Забирая детей и вынуждая их убивать друг друга у всех на глазах, Капитолий показывает, насколько велика его власть над нами, как мало у нас шансов выжить, вздумай мы взбунтоваться снова. Какие бы слова ни звучали из Капитолия, слышится в них одно: «Мы забираем у вас ваших детей, мы приносим их в жертву, и вы ничего не можете поделать с этим. Пошевелите только пальцем, и мы уничтожим вас всех. Как в Дистрикте-13».
Капитолию мало нас мучить, ему надо нас унизить, потому Голодные Игры объявлены праздником, спортивным соревнованием, в котором дистрикты выступают соперниками. Выжившему трибуту обеспечивают безбедное существование в родном дистрикте, а сам дистрикт усыпают наградами — по большей части в виде продовольствия. Весь год Капитолий демонстрирует свою щедрость — выделяет победившему дистрикту зерно, масло, даже лакомства вроде сахара, в то время как остальные пухнут от голода.
— Это время раскаяния и время радости, — нараспев возглашает мэр.
Потом он вспоминает прошлых победителей из нашего дистрикта. За семьдесят четыре года их было ровным счетом двое. Один жив до сих пор. Хеймитч Эбернети, немолодой мужчина с брюшком, который как раз выходит на сцену, пошатываясь и горланя что-то невразумительное, и грузно падает на третий стул. Успел нализаться. Толпа приветствует его жидкими аплодисментами, а он вовсю старается облапить Эффи Бряк, так что той едва удается вывернуться.

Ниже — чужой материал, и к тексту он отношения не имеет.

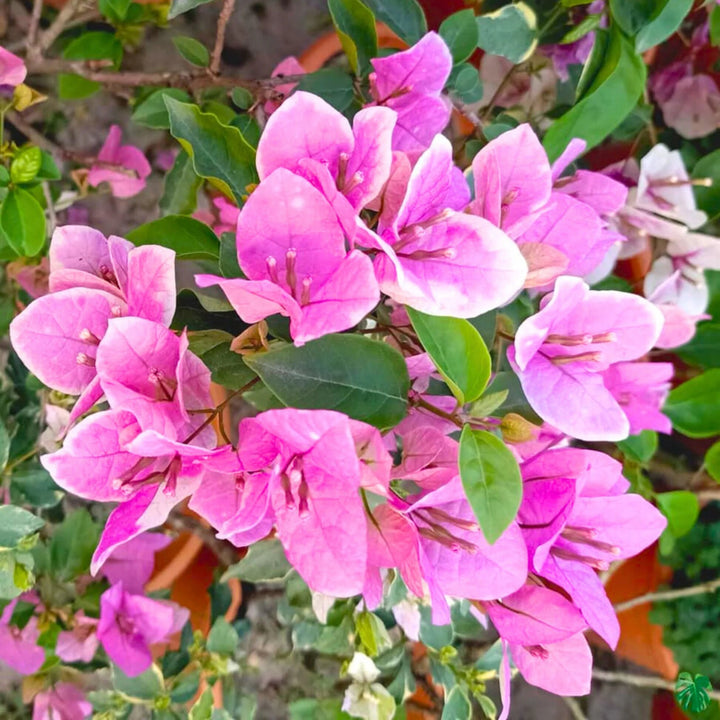 Pink Bougainvillea Flower Seeds Heirloom Non-GMO High Germination Organic Garden Seeds for Planting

Мэр явно огорчен. Церемонию показывают по телевидению, и все кому не лень теперь над нами смеются. Пытаясь вернуть внимание к Жатве, он поспешно представляет Эффи Бряк. Как всегда бодрая и неунывающая, она выходит к кафедре и провозглашает свое фирменное: «Поздравляю с Голодными Играми! И пусть удача всегда будет на вашей стороне!»
Ее розовые волосы, должно быть, парик; после встречи с Хеймитчем, локоны слегка сдвинулись набок. Покончив с приветствием, Эффи говорит, какая для нее честь присутствовать среди нас, хотя каждый понимает, что она ждет не дождется, когда ее переведут в более престижный дистрикт, где победители как победители, а не пьяницы, лапающие тебя перед всей нацией.
Сквозь толпу я вижу Гейла. Он тоже смотрит на меня и слегка улыбается: в кои веки на Жатве случилось что-то забавное… Тут меня пронзает мысль: в том шаре целых сорок два листочка с именем Гейла; удача не на его стороне. У других расклад куда как лучше. То же самое, наверно, Гейл подумал и обо мне, он мрачнеет и отворачивается. «Листков ведь несколько тысяч!» — шепчу я, как будто он может услышать.
Пора тащить жребий. Как обычно, Эффи взвизгивает: «Сначала дамы!» и семенит к девичьему шару. Глубоко опускает руку внутрь и вытаскивает листок. Толпа разом замирает. Пролети муха, ее бы услышали. От страха даже живот сводит, а в голове одна мысль крутится, как заведенная: только б не я, только б не меня!
Эффи возвращается к кафедре и, расправив листок, ясным голосом произносит имя. Это и вправду не я.